WORK INSTRUCTION:
Looking at the records below, please say how many lines contain the word "Apartamento", as a bare number.

------------------------------

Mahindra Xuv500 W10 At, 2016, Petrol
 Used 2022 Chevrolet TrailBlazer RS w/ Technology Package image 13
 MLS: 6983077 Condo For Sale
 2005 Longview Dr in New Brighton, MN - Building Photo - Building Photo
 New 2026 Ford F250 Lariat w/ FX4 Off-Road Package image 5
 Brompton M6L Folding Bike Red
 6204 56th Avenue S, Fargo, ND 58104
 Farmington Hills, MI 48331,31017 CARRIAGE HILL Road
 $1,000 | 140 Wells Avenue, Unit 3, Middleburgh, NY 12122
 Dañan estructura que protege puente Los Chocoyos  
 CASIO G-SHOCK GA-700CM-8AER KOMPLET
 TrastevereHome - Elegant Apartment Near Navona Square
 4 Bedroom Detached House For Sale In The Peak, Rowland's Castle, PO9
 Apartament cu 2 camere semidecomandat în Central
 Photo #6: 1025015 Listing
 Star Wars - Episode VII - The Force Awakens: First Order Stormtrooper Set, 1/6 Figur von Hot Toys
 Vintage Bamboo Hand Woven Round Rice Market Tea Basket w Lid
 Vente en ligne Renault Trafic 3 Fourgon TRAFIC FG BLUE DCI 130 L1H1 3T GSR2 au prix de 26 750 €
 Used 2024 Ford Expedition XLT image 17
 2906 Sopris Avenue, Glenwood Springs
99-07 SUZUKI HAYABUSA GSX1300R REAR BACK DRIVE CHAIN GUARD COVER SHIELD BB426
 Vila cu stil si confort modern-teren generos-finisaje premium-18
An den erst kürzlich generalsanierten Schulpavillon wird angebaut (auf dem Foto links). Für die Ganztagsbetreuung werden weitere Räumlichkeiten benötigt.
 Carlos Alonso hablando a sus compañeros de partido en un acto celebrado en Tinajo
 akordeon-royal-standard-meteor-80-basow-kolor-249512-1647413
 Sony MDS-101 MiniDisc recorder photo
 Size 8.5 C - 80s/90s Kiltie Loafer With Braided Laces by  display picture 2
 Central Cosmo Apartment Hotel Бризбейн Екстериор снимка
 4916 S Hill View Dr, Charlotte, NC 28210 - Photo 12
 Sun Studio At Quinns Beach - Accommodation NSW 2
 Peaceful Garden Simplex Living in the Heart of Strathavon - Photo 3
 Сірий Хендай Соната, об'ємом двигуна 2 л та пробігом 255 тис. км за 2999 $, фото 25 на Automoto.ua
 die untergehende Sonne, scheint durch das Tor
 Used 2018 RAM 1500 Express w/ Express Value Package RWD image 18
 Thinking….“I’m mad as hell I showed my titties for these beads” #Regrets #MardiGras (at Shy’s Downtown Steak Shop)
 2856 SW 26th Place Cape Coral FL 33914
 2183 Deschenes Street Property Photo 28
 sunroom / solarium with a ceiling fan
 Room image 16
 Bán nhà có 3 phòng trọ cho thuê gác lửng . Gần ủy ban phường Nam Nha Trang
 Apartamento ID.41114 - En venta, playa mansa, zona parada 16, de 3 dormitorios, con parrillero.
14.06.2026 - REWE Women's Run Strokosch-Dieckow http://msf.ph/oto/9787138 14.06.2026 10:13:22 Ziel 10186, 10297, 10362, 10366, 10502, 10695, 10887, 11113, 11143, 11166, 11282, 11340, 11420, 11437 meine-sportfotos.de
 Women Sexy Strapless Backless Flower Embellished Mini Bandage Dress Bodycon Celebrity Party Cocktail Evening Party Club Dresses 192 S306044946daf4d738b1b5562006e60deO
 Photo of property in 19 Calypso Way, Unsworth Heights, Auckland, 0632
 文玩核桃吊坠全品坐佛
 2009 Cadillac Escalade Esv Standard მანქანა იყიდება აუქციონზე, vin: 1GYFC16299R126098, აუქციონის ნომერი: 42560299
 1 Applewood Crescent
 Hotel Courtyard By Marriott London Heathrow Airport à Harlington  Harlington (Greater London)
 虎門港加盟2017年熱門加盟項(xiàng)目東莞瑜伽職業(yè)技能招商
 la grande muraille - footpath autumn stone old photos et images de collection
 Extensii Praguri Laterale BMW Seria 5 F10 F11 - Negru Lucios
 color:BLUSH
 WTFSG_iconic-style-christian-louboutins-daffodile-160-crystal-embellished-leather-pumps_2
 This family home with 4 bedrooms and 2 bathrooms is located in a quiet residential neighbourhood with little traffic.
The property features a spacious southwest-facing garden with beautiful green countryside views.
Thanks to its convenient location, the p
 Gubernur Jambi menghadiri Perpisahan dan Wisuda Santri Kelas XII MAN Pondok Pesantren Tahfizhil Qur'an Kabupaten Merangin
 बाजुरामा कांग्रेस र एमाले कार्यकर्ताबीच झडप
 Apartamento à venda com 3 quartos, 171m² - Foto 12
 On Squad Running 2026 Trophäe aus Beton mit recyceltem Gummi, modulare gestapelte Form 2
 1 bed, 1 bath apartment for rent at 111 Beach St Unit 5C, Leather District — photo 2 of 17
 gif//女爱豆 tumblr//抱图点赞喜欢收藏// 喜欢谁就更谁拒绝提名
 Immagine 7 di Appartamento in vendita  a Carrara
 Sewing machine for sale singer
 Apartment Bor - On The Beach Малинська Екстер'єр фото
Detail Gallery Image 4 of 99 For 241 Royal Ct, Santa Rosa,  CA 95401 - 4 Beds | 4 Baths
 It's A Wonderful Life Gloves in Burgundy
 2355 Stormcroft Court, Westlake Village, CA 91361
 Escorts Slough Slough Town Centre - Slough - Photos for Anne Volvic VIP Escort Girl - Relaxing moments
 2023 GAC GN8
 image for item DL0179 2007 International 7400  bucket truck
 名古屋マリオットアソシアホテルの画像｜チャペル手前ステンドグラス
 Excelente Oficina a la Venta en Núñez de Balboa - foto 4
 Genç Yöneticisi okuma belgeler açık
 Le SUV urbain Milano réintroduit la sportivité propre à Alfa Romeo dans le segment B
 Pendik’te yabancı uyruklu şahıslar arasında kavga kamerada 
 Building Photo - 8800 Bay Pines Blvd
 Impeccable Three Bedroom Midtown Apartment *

------------------------------

ANSWER BOX:
2